Hidden in Plain Sight: Evaluating Abstract Shape Recognition in Vision-Language Models
Published in NeurIPS (2024) Track on Datasets and Benchmarks., 2024
Recommended citation: Hemmat, Arshia, et al. "Hidden in Plain Sight: Evaluating Abstract Shape Recognition in Vision-Language Models." The Thirty-eight Conference on Neural Information Processing Systems Datasets and Benchmarks Track. https://arxiv.org/abs/2411.06287
Abstract: Despite the importance of shape perception in human vision, early neural image classifiers relied less on shape information for object recognition than other (often spurious) features. While recent research suggests that current large VisionLanguage Models (VLMs) exhibit more reliance on shape, we find them to still be seriously limited in this regard. To quantify such limitations, we introduce IllusionBench, a dataset that challenges current cutting-edge VLMs to decipher shape information when the shape is represented by an arrangement of visual elements in a scene.
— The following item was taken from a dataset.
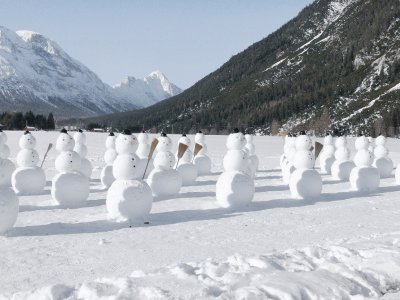 Un champ de bonhommes de neige !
Our extensive evaluations reveal that, while these shapes are easily detectable by human annotators, current VLMs struggle to recognize them, indicating important avenues for future work in developing more robust visual perception systems. The full dataset and codebase are available at: https://arshiahemmat.github.io/illusionbench/
Recommended (bib) citation:
@inproceedings{hemmathidden, title={Hidden in Plain Sight: Evaluating Abstract Shape Recognition in Vision-Language Models}, author={Hemmat, Arshia and Davies, Adam and Lamb, Tom A and Yuan, Jianhao and Torr, Philip and Khakzar, Ashkan and Pinto, Francesco}, booktitle={The Thirty-eight Conference on Neural Information Processing Systems Datasets and Benchmarks Track} }